(Stored entries)
-.-.-
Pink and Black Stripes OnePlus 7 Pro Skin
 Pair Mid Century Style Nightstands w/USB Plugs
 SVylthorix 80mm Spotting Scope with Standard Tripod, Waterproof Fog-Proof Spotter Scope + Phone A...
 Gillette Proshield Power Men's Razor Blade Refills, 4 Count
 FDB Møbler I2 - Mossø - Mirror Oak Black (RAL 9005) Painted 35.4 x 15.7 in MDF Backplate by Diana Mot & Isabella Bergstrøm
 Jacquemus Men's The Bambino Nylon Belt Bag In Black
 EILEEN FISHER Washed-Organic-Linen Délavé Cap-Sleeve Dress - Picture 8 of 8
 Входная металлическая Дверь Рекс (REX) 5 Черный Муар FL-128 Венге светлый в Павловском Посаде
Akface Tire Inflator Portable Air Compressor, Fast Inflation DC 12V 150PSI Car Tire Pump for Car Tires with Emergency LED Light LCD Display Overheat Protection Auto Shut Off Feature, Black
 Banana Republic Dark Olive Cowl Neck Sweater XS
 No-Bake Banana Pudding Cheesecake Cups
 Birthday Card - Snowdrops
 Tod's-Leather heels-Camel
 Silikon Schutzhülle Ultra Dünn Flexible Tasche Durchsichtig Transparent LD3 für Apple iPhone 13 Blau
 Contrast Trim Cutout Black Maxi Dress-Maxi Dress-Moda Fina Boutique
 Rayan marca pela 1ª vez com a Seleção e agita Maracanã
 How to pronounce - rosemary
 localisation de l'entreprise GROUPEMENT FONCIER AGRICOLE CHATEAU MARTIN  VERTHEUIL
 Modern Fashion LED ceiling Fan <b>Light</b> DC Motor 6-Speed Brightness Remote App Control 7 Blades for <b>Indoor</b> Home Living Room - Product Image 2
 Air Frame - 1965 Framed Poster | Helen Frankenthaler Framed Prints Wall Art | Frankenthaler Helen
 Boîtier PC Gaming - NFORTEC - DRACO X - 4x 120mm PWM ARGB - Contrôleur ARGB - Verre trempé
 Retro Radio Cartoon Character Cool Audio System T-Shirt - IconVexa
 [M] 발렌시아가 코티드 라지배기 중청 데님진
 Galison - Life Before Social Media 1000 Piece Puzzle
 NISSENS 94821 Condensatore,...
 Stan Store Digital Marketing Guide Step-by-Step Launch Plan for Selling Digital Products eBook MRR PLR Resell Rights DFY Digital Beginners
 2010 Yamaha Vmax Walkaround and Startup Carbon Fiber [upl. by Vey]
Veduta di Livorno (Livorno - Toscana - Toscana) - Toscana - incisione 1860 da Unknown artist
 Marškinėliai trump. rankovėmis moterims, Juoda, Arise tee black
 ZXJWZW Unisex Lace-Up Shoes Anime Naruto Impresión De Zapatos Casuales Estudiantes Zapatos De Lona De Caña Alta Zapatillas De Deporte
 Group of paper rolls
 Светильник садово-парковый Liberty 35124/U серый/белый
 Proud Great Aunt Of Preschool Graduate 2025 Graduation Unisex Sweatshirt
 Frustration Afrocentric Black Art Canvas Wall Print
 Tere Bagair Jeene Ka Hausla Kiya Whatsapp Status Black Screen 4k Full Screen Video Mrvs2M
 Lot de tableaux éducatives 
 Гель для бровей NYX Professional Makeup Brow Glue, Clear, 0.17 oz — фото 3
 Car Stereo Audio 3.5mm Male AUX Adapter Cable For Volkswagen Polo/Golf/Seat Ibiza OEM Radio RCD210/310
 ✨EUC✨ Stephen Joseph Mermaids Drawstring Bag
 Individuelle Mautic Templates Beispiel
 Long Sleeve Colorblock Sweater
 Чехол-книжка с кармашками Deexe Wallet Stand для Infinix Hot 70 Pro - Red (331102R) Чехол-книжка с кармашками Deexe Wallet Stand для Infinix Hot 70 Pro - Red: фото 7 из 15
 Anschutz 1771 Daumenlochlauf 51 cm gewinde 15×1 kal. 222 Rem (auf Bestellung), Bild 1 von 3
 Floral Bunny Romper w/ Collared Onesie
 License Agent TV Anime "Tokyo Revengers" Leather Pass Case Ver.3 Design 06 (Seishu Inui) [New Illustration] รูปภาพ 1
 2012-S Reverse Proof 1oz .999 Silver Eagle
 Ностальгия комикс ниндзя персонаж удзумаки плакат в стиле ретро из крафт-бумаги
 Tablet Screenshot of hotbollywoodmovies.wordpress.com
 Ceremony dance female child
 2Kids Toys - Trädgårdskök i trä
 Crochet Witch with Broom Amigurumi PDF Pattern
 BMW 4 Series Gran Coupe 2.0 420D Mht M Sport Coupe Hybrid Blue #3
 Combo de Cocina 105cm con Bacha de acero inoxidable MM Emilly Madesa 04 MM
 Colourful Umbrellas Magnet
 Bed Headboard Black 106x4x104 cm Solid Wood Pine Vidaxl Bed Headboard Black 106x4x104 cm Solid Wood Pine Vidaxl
-.-.-
* _Task to complete_
Word for word, return each of the entries.

* _Result for this exercise_
Pink and Black Stripes OnePlus 7 Pro Skin
 Pair Mid Century Style Nightstands w/USB Plugs
 SVylthorix 80mm Spotting Scope with Standard Tripod, Waterproof Fog-Proof Spotter Scope + Phone A...
 Gillette Proshield Power Men's Razor Blade Refills, 4 Count
 FDB Møbler I2 - Mossø - Mirror Oak Black (RAL 9005) Painted 35.4 x 15.7 in MDF Backplate by Diana Mot & Isabella Bergstrøm
 Jacquemus Men's The Bambino Nylon Belt Bag In Black
 EILEEN FISHER Washed-Organic-Linen Délavé Cap-Sleeve Dress - Picture 8 of 8
 Входная металлическая Дверь Рекс (REX) 5 Черный Муар FL-128 Венге светлый в Павловском Посаде
Akface Tire Inflator Portable Air Compressor, Fast Inflation DC 12V 150PSI Car Tire Pump for Car Tires with Emergency LED Light LCD Display Overheat Protection Auto Shut Off Feature, Black
 Banana Republic Dark Olive Cowl Neck Sweater XS
 No-Bake Banana Pudding Cheesecake Cups
 Birthday Card - Snowdrops
 Tod's-Leather heels-Camel
 Silikon Schutzhülle Ultra Dünn Flexible Tasche Durchsichtig Transparent LD3 für Apple iPhone 13 Blau
 Contrast Trim Cutout Black Maxi Dress-Maxi Dress-Moda Fina Boutique
 Rayan marca pela 1ª vez com a Seleção e agita Maracanã
 How to pronounce - rosemary
 localisation de l'entreprise GROUPEMENT FONCIER AGRICOLE CHATEAU MARTIN  VERTHEUIL
 Modern Fashion LED ceiling Fan <b>Light</b> DC Motor 6-Speed Brightness Remote App Control 7 Blades for <b>Indoor</b> Home Living Room - Product Image 2
 Air Frame - 1965 Framed Poster | Helen Frankenthaler Framed Prints Wall Art | Frankenthaler Helen
 Boîtier PC Gaming - NFORTEC - DRACO X - 4x 120mm PWM ARGB - Contrôleur ARGB - Verre trempé
 Retro Radio Cartoon Character Cool Audio System T-Shirt - IconVexa
 [M] 발렌시아가 코티드 라지배기 중청 데님진
 Galison - Life Before Social Media 1000 Piece Puzzle
 NISSENS 94821 Condensatore,...
 Stan Store Digital Marketing Guide Step-by-Step Launch Plan for Selling Digital Products eBook MRR PLR Resell Rights DFY Digital Beginners
 2010 Yamaha Vmax Walkaround and Startup Carbon Fiber [upl. by Vey]
Veduta di Livorno (Livorno - Toscana - Toscana) - Toscana - incisione 1860 da Unknown artist
 Marškinėliai trump. rankovėmis moterims, Juoda, Arise tee black
 ZXJWZW Unisex Lace-Up Shoes Anime Naruto Impresión De Zapatos Casuales Estudiantes Zapatos De Lona De Caña Alta Zapatillas De Deporte
 Group of paper rolls
 Светильник садово-парковый Liberty 35124/U серый/белый
 Proud Great Aunt Of Preschool Graduate 2025 Graduation Unisex Sweatshirt
 Frustration Afrocentric Black Art Canvas Wall Print
 Tere Bagair Jeene Ka Hausla Kiya Whatsapp Status Black Screen 4k Full Screen Video Mrvs2M
 Lot de tableaux éducatives 
 Гель для бровей NYX Professional Makeup Brow Glue, Clear, 0.17 oz — фото 3
 Car Stereo Audio 3.5mm Male AUX Adapter Cable For Volkswagen Polo/Golf/Seat Ibiza OEM Radio RCD210/310
 ✨EUC✨ Stephen Joseph Mermaids Drawstring Bag
 Individuelle Mautic Templates Beispiel
 Long Sleeve Colorblock Sweater
 Чехол-книжка с кармашками Deexe Wallet Stand для Infinix Hot 70 Pro - Red (331102R) Чехол-книжка с кармашками Deexe Wallet Stand для Infinix Hot 70 Pro - Red: фото 7 из 15
 Anschutz 1771 Daumenlochlauf 51 cm gewinde 15×1 kal. 222 Rem (auf Bestellung), Bild 1 von 3
 Floral Bunny Romper w/ Collared Onesie
 License Agent TV Anime "Tokyo Revengers" Leather Pass Case Ver.3 Design 06 (Seishu Inui) [New Illustration] รูปภาพ 1
 2012-S Reverse Proof 1oz .999 Silver Eagle
 Ностальгия комикс ниндзя персонаж удзумаки плакат в стиле ретро из крафт-бумаги
 Tablet Screenshot of hotbollywoodmovies.wordpress.com
 Ceremony dance female child
 2Kids Toys - Trädgårdskök i trä
 Crochet Witch with Broom Amigurumi PDF Pattern
 BMW 4 Series Gran Coupe 2.0 420D Mht M Sport Coupe Hybrid Blue #3
 Combo de Cocina 105cm con Bacha de acero inoxidable MM Emilly Madesa 04 MM
 Colourful Umbrellas Magnet
 Bed Headboard Black 106x4x104 cm Solid Wood Pine Vidaxl Bed Headboard Black 106x4x104 cm Solid Wood Pine Vidaxl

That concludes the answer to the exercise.